The Canadian Dollar (CAD) weakened to a one-week low against the bullish US Dollar (USD) on Friday as market participants recalibrated expectations ahead of key macro releases. The USD/CAD pair gained traction for the third consecutive day, breaching the mid-1.3600s in early European session trading, reflecting a combination of economic data anticipation and commodity price pressures.
The brokers at Winseterra provide a comprehensive breakdown of this topic in this article.
Investors have increasingly focused on the US economic docket, which features pivotal releases such as Durable Goods Orders, JOLTS Job Openings, and the Preliminary Michigan Consumer Sentiment and Inflation Index. These indicators, alongside the monthly Canadian employment report, are expected to produce short-term trading opportunities for USD/CAD.
USD Strength Supported by Inflation Concerns
The US Dollar has maintained an upward bias, underpinned by inflation fears that temper Federal Reserve (Fed) rate cut bets. Market participants are pricing in the likelihood that elevated inflationary pressures will prevent the Fed from reducing interest rates in the near term.
One of the key catalysts is the upcoming US Personal Consumption Expenditures (PCE) Price Index, the Fed’s preferred inflation gauge. Analysts expect the PCE data to provide insights into underlying price pressures, with any surprise figures potentially influencing USD momentum.

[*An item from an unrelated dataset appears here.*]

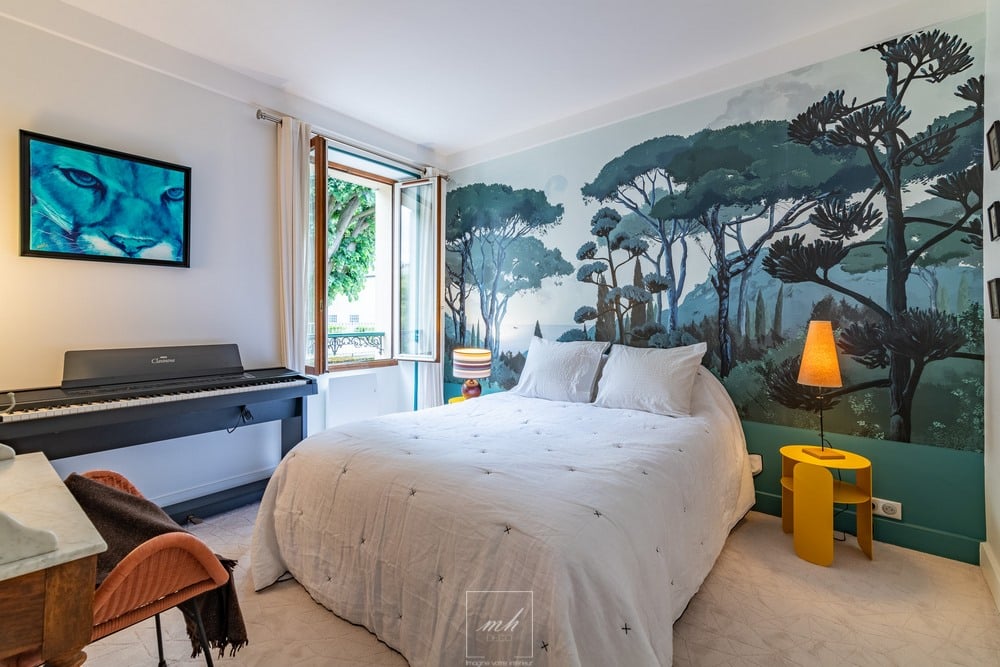 Modernisation de la chambre à coucher au sein d'un appartement situé à Rueil Malmaison pensé par MH DECO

A modest pullback in Crude Oil prices has further undermined the commodity-linked Canadian Loonie (CAD), providing additional tailwinds to the USD/CAD pair. Lower oil prices often reduce demand for the Loonie, traditionally seen as sensitive to energy commodity fluctuations.
Crude Oil Pullback Pressures the Loonie
Oil prices play a significant role in shaping CAD dynamics, given Canada’s status as a major energy exporter. On Friday, a slight decline in Crude Oil contributed to short-term weakness in the Loonie, amplifying the USD/CAD rally.

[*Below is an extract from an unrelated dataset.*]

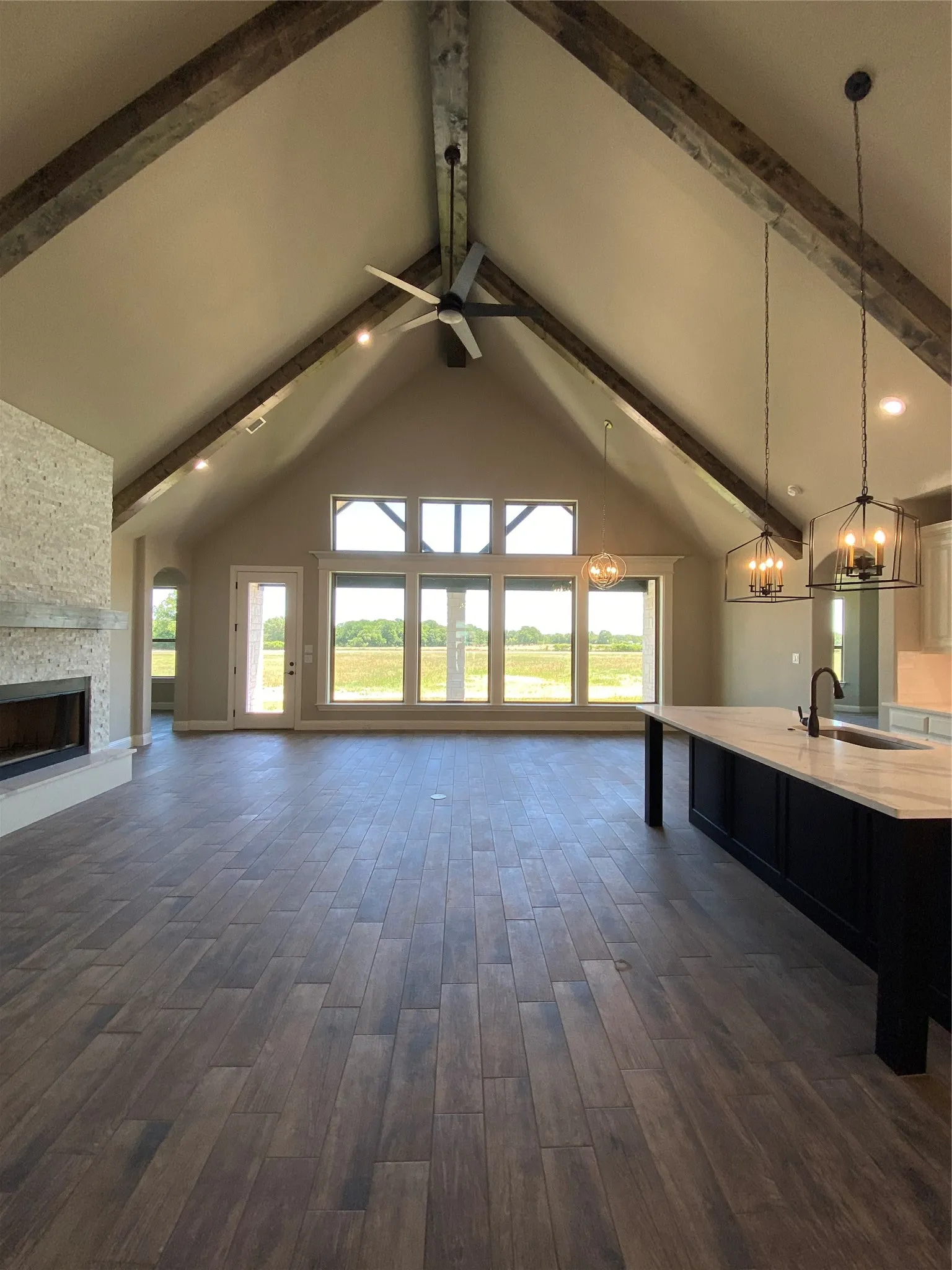 Single Family Residence For Rent in Hood County , 592 Lydia Lane, Granbury, Texas 76049, 4 Bedroom, 2 Bathroom, 2 Garage spaces, 2,832 Sqft, built in 2020, mls#21388972, Real Estate Agent in Granbury, Homes For Rent in Hood county, Homes For Rent in Granbury, Realtor in Granbury Texas, Real Estate Brokerage Independent Realty Texas, Luminita Cordes Realtor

However, analysts caution that supply disruption fears, particularly amid ongoing geopolitical tensions, could support Oil prices, potentially limiting further Loonie depreciation. Traders remain vigilant as energy markets continue to influence CAD trading patterns, highlighting the importance of closely monitoring commodity-linked currencies in the context of broader FX market dynamics.

Key Drivers Behind USD/CAD Strength
The recent strength of USD/CAD has been driven by several key factors. Sustained USD buying remains a major contributor, as investors continue to purchase the US Dollar, anticipating delayed Fed rate cuts. At the same time, commodity price influence plays a critical role, with weakening Crude Oil putting pressure on the Loonie and further reinforcing USD/CAD gains.
Additionally, anticipation of macro data, including significant US releases like PCE and Durable Goods Orders, alongside Canadian jobs data, is shaping trading strategies. The combination of these elements has enabled the USD/CAD pair to reach a weekly high, with momentum largely supported by market sentiment and fundamental economic indicators.

Upcoming US and Canadian Economic Data
Friday’s US economic calendar features several critical data points that could influence USD/CAD trading. Durable Goods Orders provide insight into business investment trends, while JOLTS Job Openings measure labor market tightness and potential wage pressures.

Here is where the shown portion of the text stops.